Tipe penelitian dalam tulisan ini adalah penelitian normatif untuk menemukan jawaban dari rumusan masalah tentang hak cipta atas street art yang dibuat tanpa izin pemilik properti serta kepemilikan atas street art yang melekat di properti milik privat. Tulisan ini menggunakan 4 (empat) macam pendekatan yaitu statute approach, comparative approach, case approach, dan conceptual approach. Tulisan ini menggunakan bahan hukum primer berupa peraturan perundang-undangan dan putusan Tierney vs Moschino, Cohen vs G&M Realty L.P, Mitchell Bros vs. Cinema Adult Theater, Putusan Pengadilan Federal Jerman tanggal 23 Februari 1995 Nomor I ZR 68/93, bahan hukum sekunder berupa buku dan jurnal hukum, serta bahan hukum lainnya berupa internet.

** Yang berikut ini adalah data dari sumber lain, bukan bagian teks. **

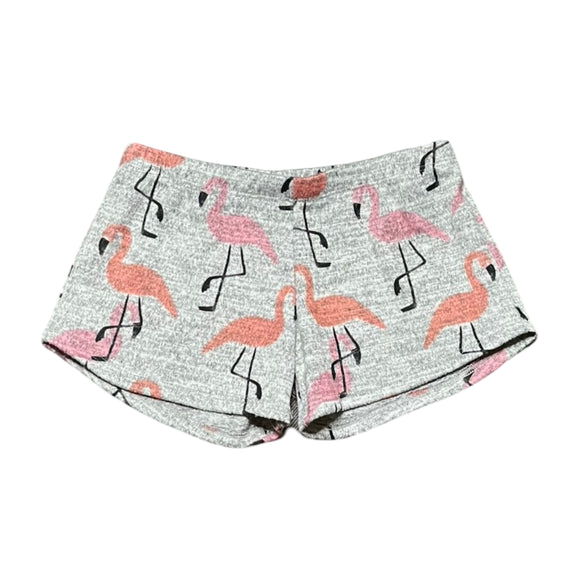 Vintage Havana Flamingo Shorts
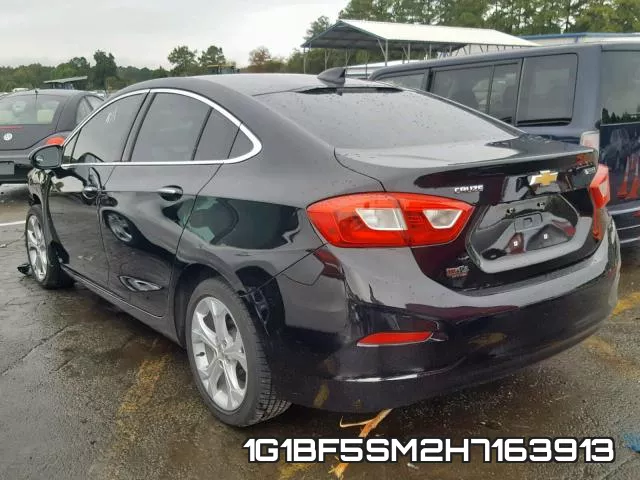 1G1BF5SM2H7163913 фото 4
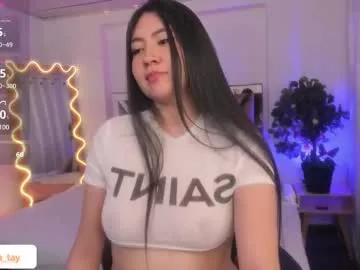 Freechat amara_tay on Chaturbate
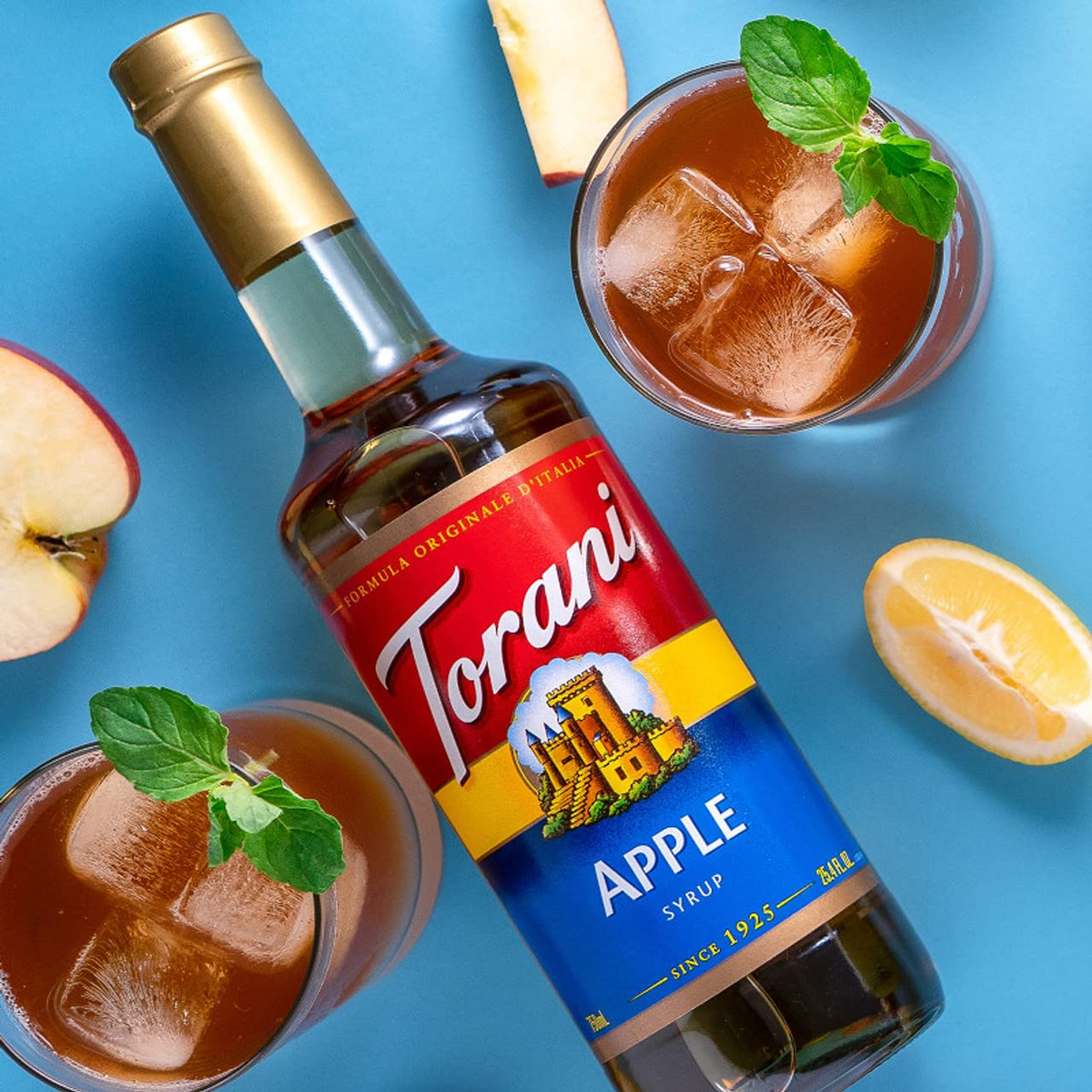 Torani® Apple (750mL)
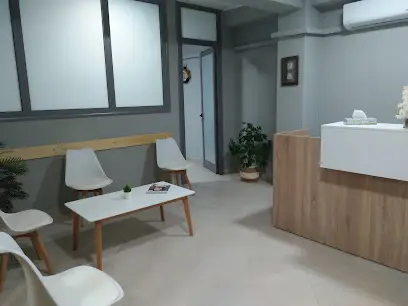 PSYCHIATRE - Dr BELGROUNE AIT OUALI Djennat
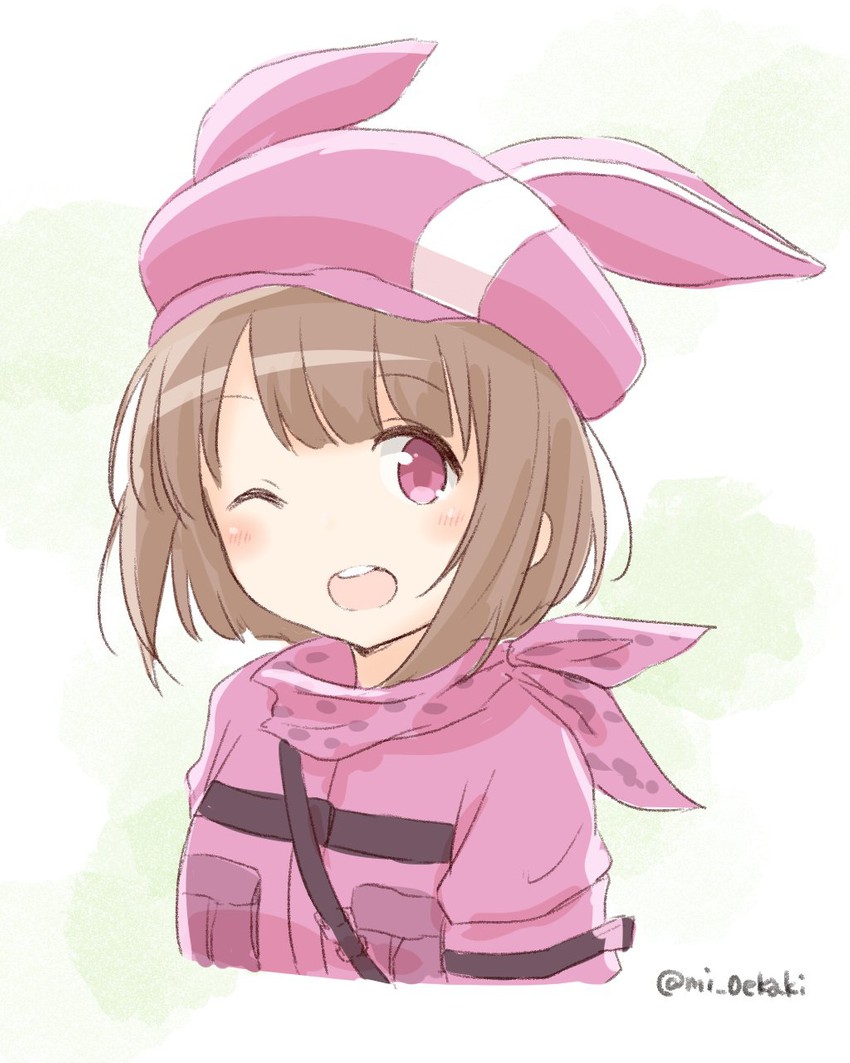 llenn (sword art online and 1 more) drawn by yamamura_umi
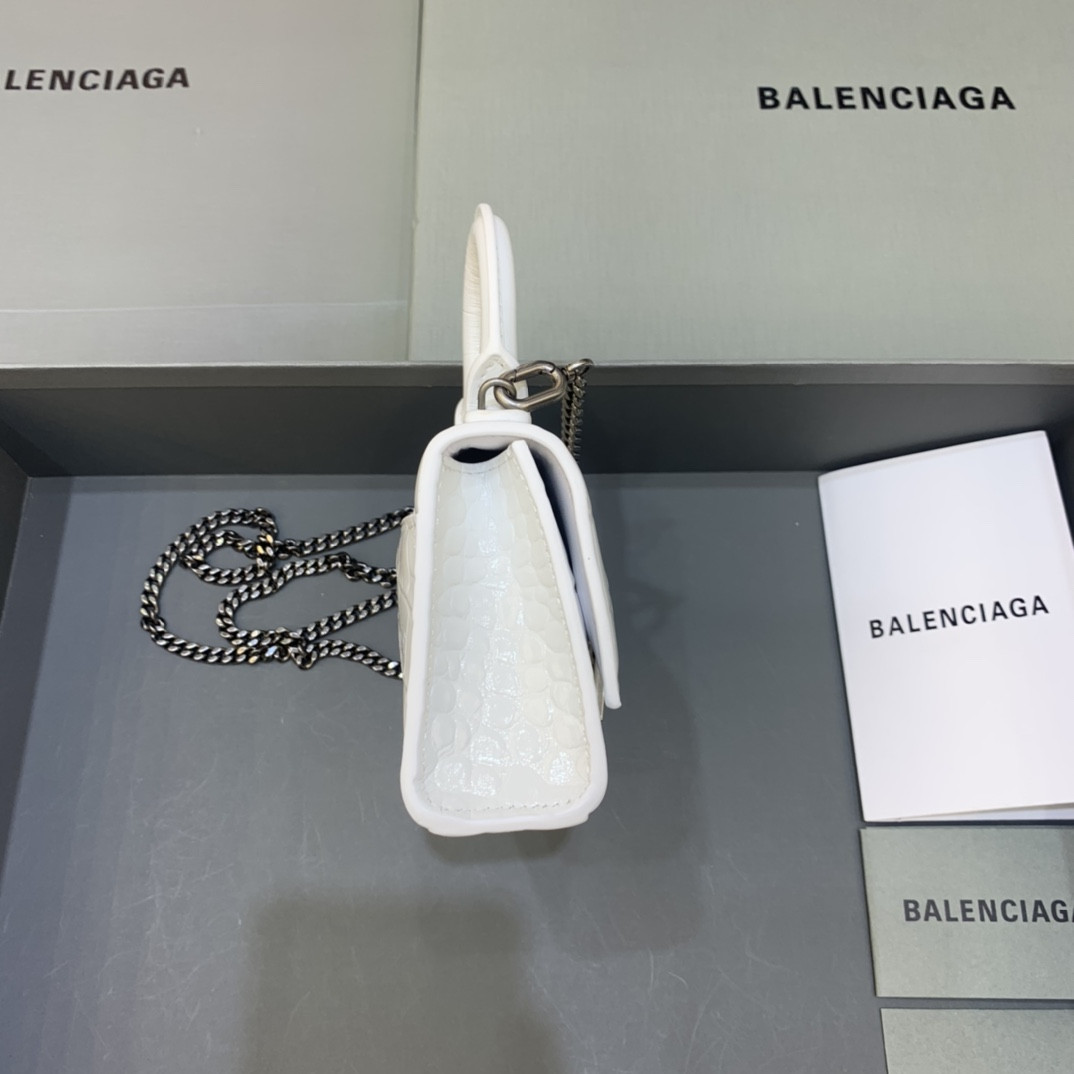 Balenciaga Mini Hourglass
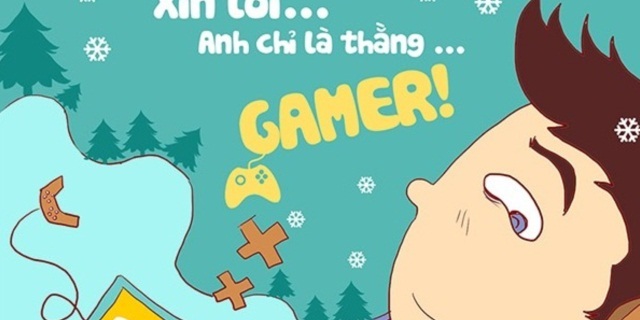 Cười rách miệng với chùm ảnh chibi ngộ nghĩnh của gMO Bá Tam Quốc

  • 3.    Hasil Dan Pembahasan

    • 3.1    Perlindungan Hak Cipta atas Street Art yang Illegal

      • 3.1.1    Street Art dan Segi Illegalitasnya

Street Art merupakan karya seni yang melekat di jalanan atau ruang public, yang mana karya seni tersebut memiliki makna dan kritik tersendiri dan hal tersebut yang menjadi interaksi dengan orang lain, memiliki konteks perkotaan.12 Street art yang biasanya ditemui memiliki macam-macam bentuk, yaitu berupa graffiti atau bisa juga berupa mural. Graffiti merupakan suatu tulisan atau gambar yang dibuat dengan tangan pada dinding.13 Graffiti memiliki macam-macam jenis, diantaranya Gang Graffiti (bentuk graffiti berupa symbol-simbol dari kelompok tertentu atau terkadang berupa nama kelompok tertentu, tujuannya untuk menandai teritori), Tagging (bentuk graffiti yang sederhana, berupa nama panggilan, atau symbol lainnya), dan Throw ups (gabungan dari beberapa tags sehingga bentuknya lebih kompleks).14 Sementara itu, Mural, berasal dari Bahasa latin yaitu “Murus” berarti dinding, mural diartikan sebagai suatu gambar berskala besar yang dilukiskan baik pada interior ataupun pada eksterior dinding.15 Dalam tulisan ini, terminology street art mencakup apa yang dimaksud graffiti dan mural.

Gambar 1.1 Mural

Sumber Gambar:

https://www.indana.co.id/kampung-warna-warni-di-kota-malang/

Gambar 1.2 Graffiti

Sumber Gambar:

https://www.bombingscience.com/grab

-interview/

Pada umumnya street art lebih sering dibuat tanpa izin dari pemilik property. Hal ini mengakibatkan tindakan melukis street art tersebut dikategorikan sebagai salah satu

bentuk vandalisme.16 Vandalisme merupakan kegiatan yang dilakukan secara sengaja dan tidak bertanggung jawab dari oknum-oknum tertentu yang dilakukan dalam bentuk coret-coret tembok, dinding, atau fasilitas umum lainnya.17 Secara historis asal kata vandalisme ini berasal dari suku Vandal dari Jerman, yang melakukan pengrusakan terhadap keindahan peninggalan-peninggalan Romawi yang tidak ternilai harganya dan membuat beberapa kekacauan di daerah Gaul, Spanyol, dan Italia.18 Dapat disimpulkan bahwa vandalism ini merupakan bentuk kenakalan berupa pengrusakan dalam bentuk mencoret-coret ataupun cara lain terhadap barang ataupun fasilitas umum milik orang lain.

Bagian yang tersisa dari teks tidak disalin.